Turning the Page
With over 90% of the vote counted in Wisconsin, Obama is leading by 17 points: 58% to 41%. It is a victory that validates the trends of the Virginia and Maryland results last week, but in a state where minorities--black, Latino and a significant number of Native Americans--comprise perhaps 10% of the population.
It is a victory across demographic groups. For example, this summary: The exit polls show that Obama cut deeply into Hillary's core constituencies in racking up his sizable victory in Wisconsin tonight. Obama made it very close among females, losing to Hillary by the slimmest of margins, 51%-49%. [Update: revised figures have it exactly 50-50.] He won by a sizable margin among middle-aged voters, 53%-46%. He won by decent margins among voters with an income less than $50,000. He won by big margins among self described moderates and conservatives. He won overwhelmingly among people who decided in the last week or the last three days, though Hillary won narrowly among those who decided in the last day.
He won narrowly among members of union households.
Further, exit polls showed the top three issues were the economy, the war and health care--and Obama won all three. There was a virtual tie on capability to be commander-in-chief, and Obama won the "cares about me" category.
Hillary's negative campaigning didn't work, and by something like 2-1 voters thought she was unfair. Obama had a large majority on the most electable in the fall, and over 80% of the voters said they would be satisfied with him as the party's nominee, while Clinton was in the low sixties.
In political campaign terms, Hillary again this week did not take voters from any categories she hadn't won before, and Obama did, big time. Obama increased his share of young and first time voters. Add in the delegates and popular votes won, the 9 victories in a row (with the 10th possibly coming within hours) and the momentum favoring Obama in Texas and Ohio, and the state of the campaign is this: barring something highly unusual, the question is not whether Barack Obama will be the 2008 Democratic nominee for President, but when.
To that point, Obama spoke with a reporter before his speech in Houston tonight and said, immediately after the contests of March 4 is an appropriate time for the party to decide that the nomination campaign should end.

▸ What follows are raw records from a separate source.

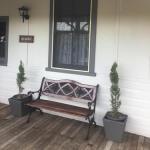 Araluen Historic House Deluxe Room - Darwin Holiday 0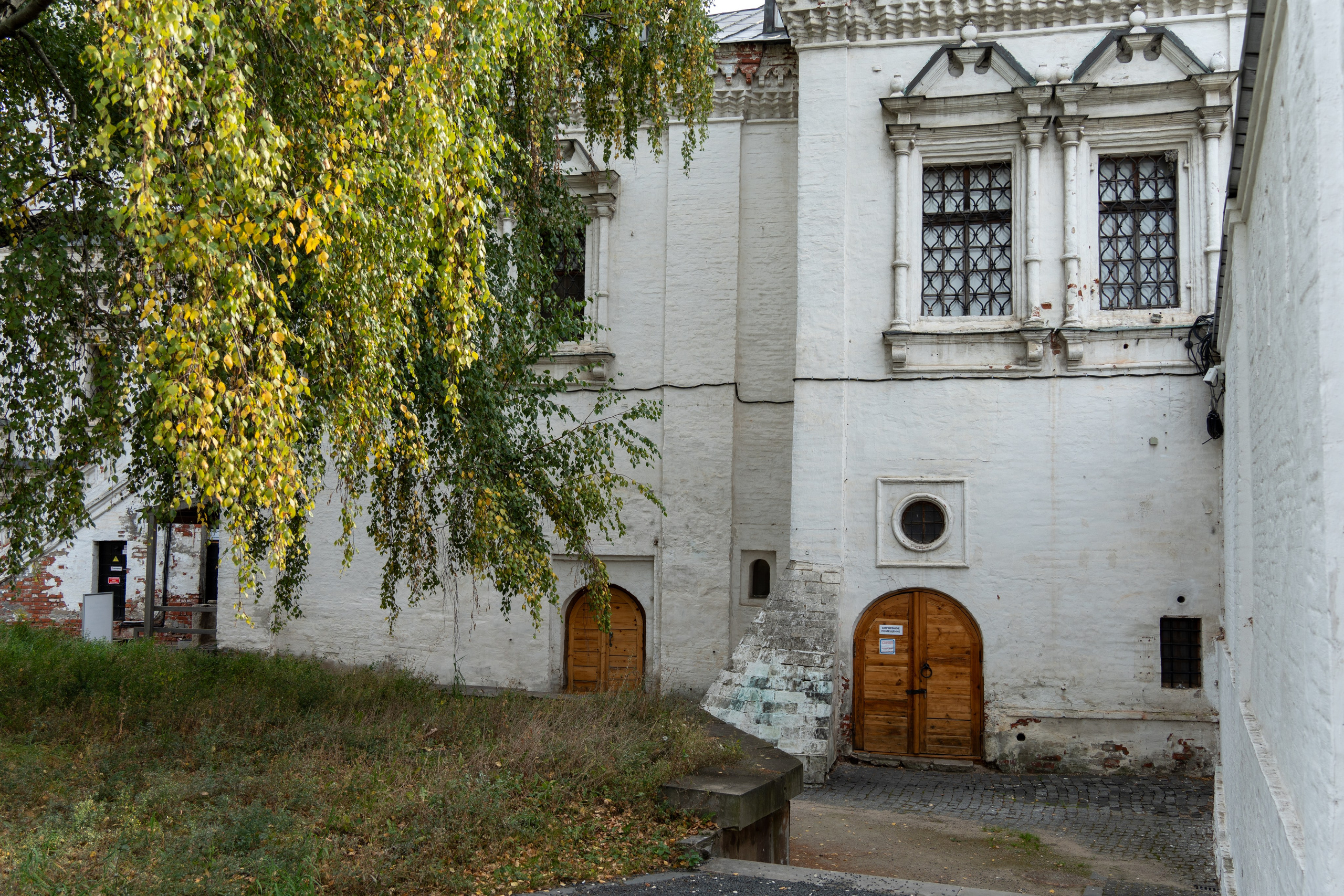 20250921 Таганка-Курская. Дмитрий Ремизов. Фотография, как хобби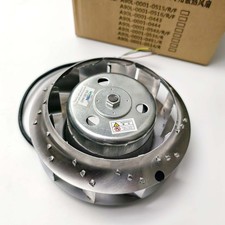 1pcs Nuovo Ventola Motore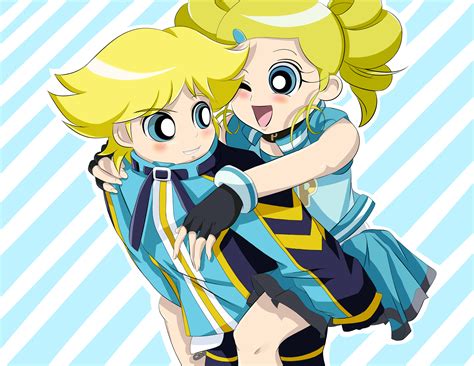 powerpuff girls bubbles and boomer powerpuff girls anime powerpuff porn sex picture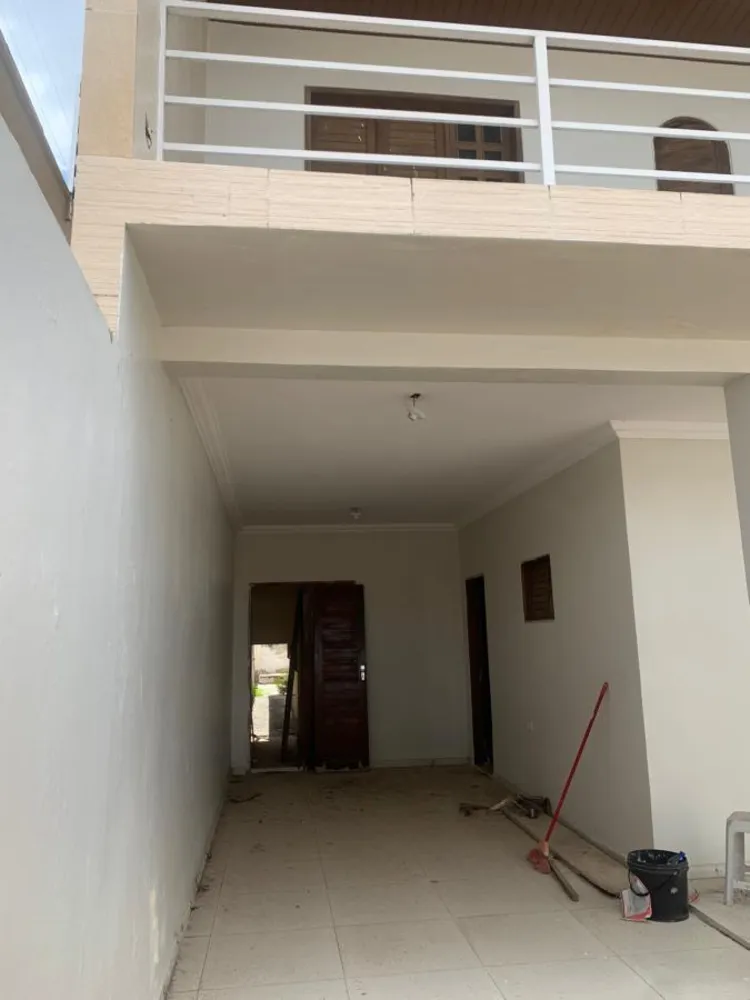 Casa, 6 quartos - Foto 4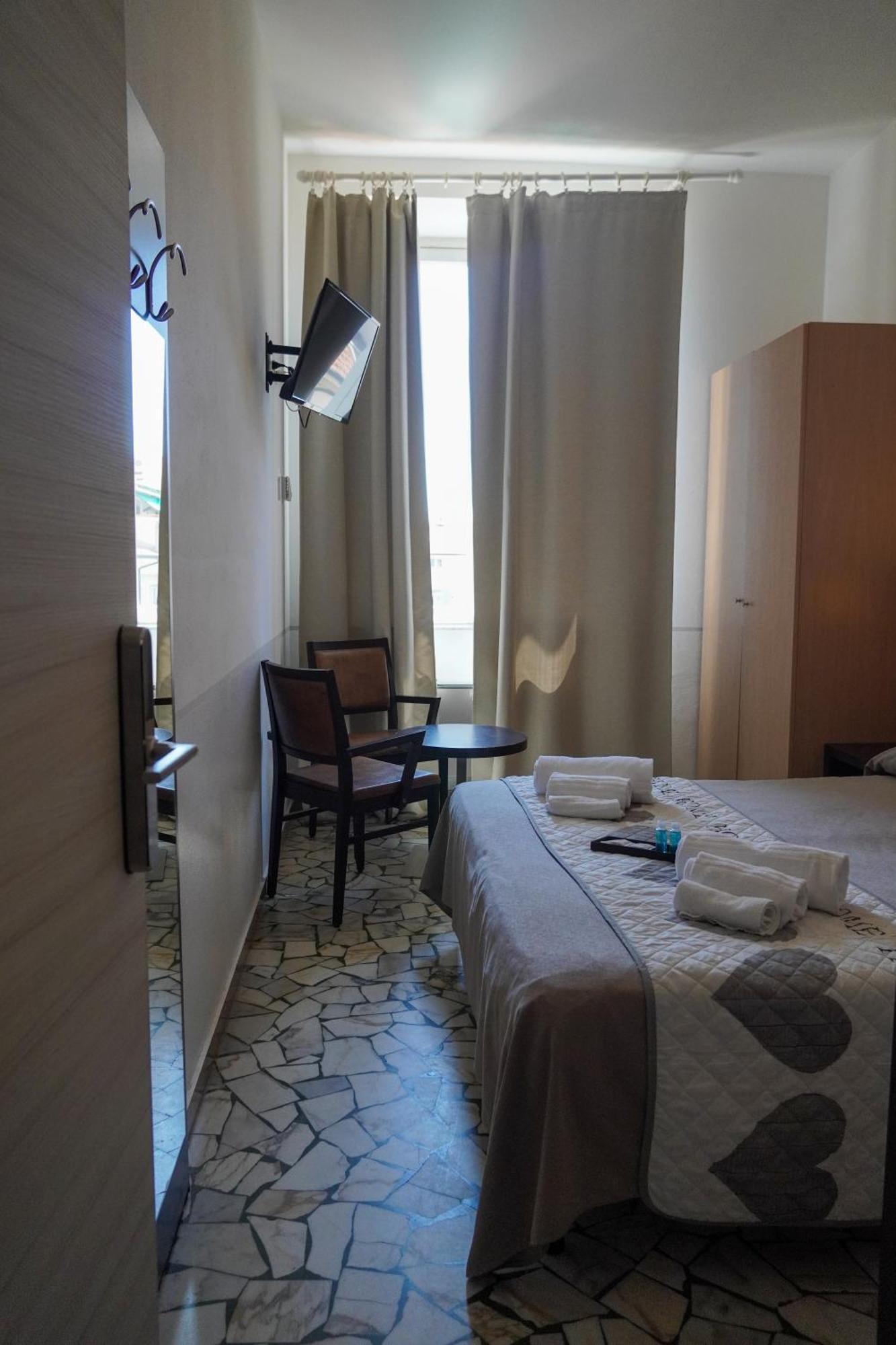 Cilene Hotel Viareggio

As for how Obama energizes the electorate, Hillary alone got more votes than the entire Republican field.
By the way, Barack was kind enough to email me (and about a half million of his other close friends) with his take on the results:
Today, the people of Wisconsin voted overwhelmingly in favor of a new kind of politics. They rejected an onslaught of negative attacks and attempts to distract them from the common concerns we all have about the direction of our country. No doubt we'll hear much more of these attacks and distractions in the days to come. But the noise of these tired, old political games will not drown out the voices of millions calling for change.
So he's bracing for the full Clinton press. Now here are my forecasts: Her last chance: the debate Thursday. If she can't change the dynamic then, it will be too late by Friday. I expect Bill Richardson to endorse Obama tomorrow, and show up to campaign in Texas. Nobody else is predicting this that I know of. If John Edwards was thinking about endorsing Hillary, he must know that it's now too late. He either endorses Obama and campaigns for him in Ohio, or he waits until March 5 and begins the less than subtle attempt to tell Hillary it's over.
Obama talks about "turning the page" with the next election, which is exactly the right message--I mean, I might say "a fresh start" but...--and it has been the message the electorate wants to send since 2006. (So don't be surprised if Obama wins Pennsylvania, if it gets that far.) But as of tonight, for Hillary Clinton, the page is turning, and it's almost turned.